The lush, slutty climax of the Transfiguration Scene is certainly more memorable, but Isolde’s most vocally heroic moment actually occurs even earlier, in act one of the histrionic death salute known as Wagner’s Tristan und Isolde. It’s the point just after when, onboard a cruise liner bound for Cornwall, Brangaene gallops back from the poop deck to inform her mistress that Tristan is too busy aspirating in the backstage costume closet to deal with his prisoner’s operatic angst. And then we get magic: in a truly sensational display of laryngeal contortionism, the pre-bulimic Deborah Voigt – or whichever pneumatic soprano-truck driver’s on for the evening – delivers her frustrated tale of how she’d once saved Tristan’s life despite his role in her husband’s demise. For a few minutes, everything around her perishes and only she feels eternal.

In fact, if the beauty of Isolde’s aria feels as infinite as the sea, it’s only interrupted by the tragically dismal reality of her situation. Kidnapped by Morold’s killer, she’s been betrothed to her husband’s killer’s uncle, the paunchy basso nightmare King Marke. Will she fall for Tristan – or his uncle? Fifteen minutes into the first act, neither seems appealing. It is here that she dips into her secret stash of assorted potions, her actions rationalized by a freaky revenge fantasy in which she kamikazes Tristan and settles the scores.

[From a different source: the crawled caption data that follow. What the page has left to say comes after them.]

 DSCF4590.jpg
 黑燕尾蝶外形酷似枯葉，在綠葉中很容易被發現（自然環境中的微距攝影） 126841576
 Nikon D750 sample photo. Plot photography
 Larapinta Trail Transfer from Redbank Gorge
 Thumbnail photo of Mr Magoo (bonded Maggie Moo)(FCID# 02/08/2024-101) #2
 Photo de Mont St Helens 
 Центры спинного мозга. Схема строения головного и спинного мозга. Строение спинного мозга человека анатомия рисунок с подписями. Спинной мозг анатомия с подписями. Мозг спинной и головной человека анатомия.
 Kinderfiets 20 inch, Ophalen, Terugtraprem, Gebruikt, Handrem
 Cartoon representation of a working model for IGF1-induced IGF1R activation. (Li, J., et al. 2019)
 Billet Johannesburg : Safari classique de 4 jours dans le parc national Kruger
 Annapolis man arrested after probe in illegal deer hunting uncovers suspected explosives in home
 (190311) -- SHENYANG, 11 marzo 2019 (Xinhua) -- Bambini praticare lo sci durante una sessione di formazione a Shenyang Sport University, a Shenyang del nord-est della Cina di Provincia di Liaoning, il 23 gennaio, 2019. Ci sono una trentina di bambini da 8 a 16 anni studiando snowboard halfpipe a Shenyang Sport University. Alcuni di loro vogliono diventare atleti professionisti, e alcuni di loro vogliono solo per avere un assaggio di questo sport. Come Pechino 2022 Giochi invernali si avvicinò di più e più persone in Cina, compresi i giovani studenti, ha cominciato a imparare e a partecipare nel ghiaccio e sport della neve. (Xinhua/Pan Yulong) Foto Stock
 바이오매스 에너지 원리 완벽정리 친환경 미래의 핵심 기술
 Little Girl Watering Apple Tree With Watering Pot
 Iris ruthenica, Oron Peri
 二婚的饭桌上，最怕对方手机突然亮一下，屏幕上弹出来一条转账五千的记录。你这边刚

It is also here that the audience begins to notice the weird incest vibes emanating from Wagner’s libretto. To my young and fragile mind, such sexual deviance could once be justified by sheer recognition of the story’s medieval folk origins: like reclaiming the Near East on some inexplicable reign-of-terror crusade mission, these devices were clearly all things of a more primitive era. Having recently reviewed Robert Bailey’s thorough – if somewhat breathless – mise-en-contexte for Norton, however, the more insidious muse for Wagner’s “all in the family” love triangle appears in fact to have stemmed from the incestuous fanaticism of his friends.

By my stars, it’s a marvel Richard didn’t letter bomb the sniveling mess that was Hans von Bülow at first opportunity. Bülow, whose completion and first performance of his compatriot’s Tristan Prelude earned little more than an epistolary slap on the wrists, couldn’t be swayed from masochistic subservience. Astonishingly, even more overt reprimands from his object of devotion – a bizarre exchange comes to mind involving a snooty, self-important letter from the bully composer to starry-eyed Hans, hauling him over the coals for what, in hindsight, was mostly just an embarrassing glut of compliments – didn’t discourage the conductor enough to stop him from sending desperate mea culpas to both the Blätter für Musik, comrades from the New German School, and the Niederrheinische Musikzeitung. Normally, one would feel sorry for this victim of Wagnerian browbeating – that is, if he didn’t seem to relish it so much: I read excerpts from these petty squabbles with the existential good humor of an elementary school teacher watching a scrawny fourth-grader get stuffed and locked into the janitor’s closet by his sixth-grade superior. “Does this mean our recess date is off?” he croaks from behind a dustbin. In the years to come, Wagner would commit the ultimate affront and make off with Cosima Liszt, von Bülow’s beloved wife. I’ll bet Hans paid for their honeymoon.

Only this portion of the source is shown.